Sitemap
Komunitas Blogger M

Komunitas Blogger Medium. Tempat kumpul, berbagi dan berinteraksi sesama blogger Medium dari Indonesia

Melihat lebih dekat dampak krisis iklim

--

Coba kita flashback masa-masa SD. Bukan soal jajanan telor gulung atau mie lidi. Tapi sedikit balik ke pelajaran SD, pasti kita pernah dengar pernyataan ini :

  • Penebangan hutan secara liar menyebabkan hilangnya habitat satwa, kekeringan, berkurangnya pasokan udara bersih, bencana banjir dan longsor.
  • Pembukaan lahan menyebabkan berkurangnya area resapan air sehingga terjadi banjir. Karna mengubah fungsi dari hutan itu sendiri.

Kalimat-kalimat ini biasanya berulang kali kita temukan di buku sekolah, mulai jaman saya masih sekolah hingga 3 tahun yang lalu saat saya masih aktif part-time mengajar private siswa sekolah dasar.

Tulisan ini sedikit menjadi pengingat tentang ‘hukum alam’ yang sejatinya sudah sering kita dengar saat masih sekolah.

Brutal truth, hukum alam ini tidak bisa dilihat dan dirasakan oleh semua orang. Ada titik dimana perhatian tidak diberikan ke semua yang juga berhak mendapatkannya.

Saya gak paham tuh, kalau petani bisa gagal panen karna krisis iklim, soalnya kalau saya mau makan nasi, ya langsung saja ambil di rice cooker.

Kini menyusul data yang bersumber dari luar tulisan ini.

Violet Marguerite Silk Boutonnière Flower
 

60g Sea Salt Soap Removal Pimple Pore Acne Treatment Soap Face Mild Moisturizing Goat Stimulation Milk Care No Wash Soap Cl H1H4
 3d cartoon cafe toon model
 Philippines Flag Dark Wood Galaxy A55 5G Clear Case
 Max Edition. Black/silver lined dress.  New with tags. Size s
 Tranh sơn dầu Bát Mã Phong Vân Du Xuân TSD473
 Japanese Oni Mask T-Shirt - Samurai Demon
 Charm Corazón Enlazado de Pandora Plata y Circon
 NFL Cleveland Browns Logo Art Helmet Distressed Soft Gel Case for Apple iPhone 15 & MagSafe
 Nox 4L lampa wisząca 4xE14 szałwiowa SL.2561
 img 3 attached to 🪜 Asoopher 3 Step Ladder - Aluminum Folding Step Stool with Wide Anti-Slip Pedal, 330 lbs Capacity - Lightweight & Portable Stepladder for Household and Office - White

Akhir-akhir ini musim panas terasa lebih lama dari biasanya. Kadang, saat cuaca panas terik lalu tiba-tiba hujan deras sampai terjadi banjir. Atau malahan, di bulan Desember ini yang harusnya musim hujan, kita malah kepanasan.

Juni hingga Agustus 2023 merupakan tiga bulan terpanas sepanjang sejarah dan bulan Juli 2023 menjadi bulan yang paling panas. Kabar buruknya, menurut Indeks Risiko INFORM tahun 2023, Indonesia menduduki peringkat ketiga teratas negara yang paling berisiko terhadap bahaya iklim (peringkat ke-48 dari 191), termasuk banjir, kekeringan, dan gelombang panas (European Commission, 2023). Frekuensi dan intensitas bahaya iklim diperkirakan akan meningkat seiring dengan memburuknya perubahan iklim.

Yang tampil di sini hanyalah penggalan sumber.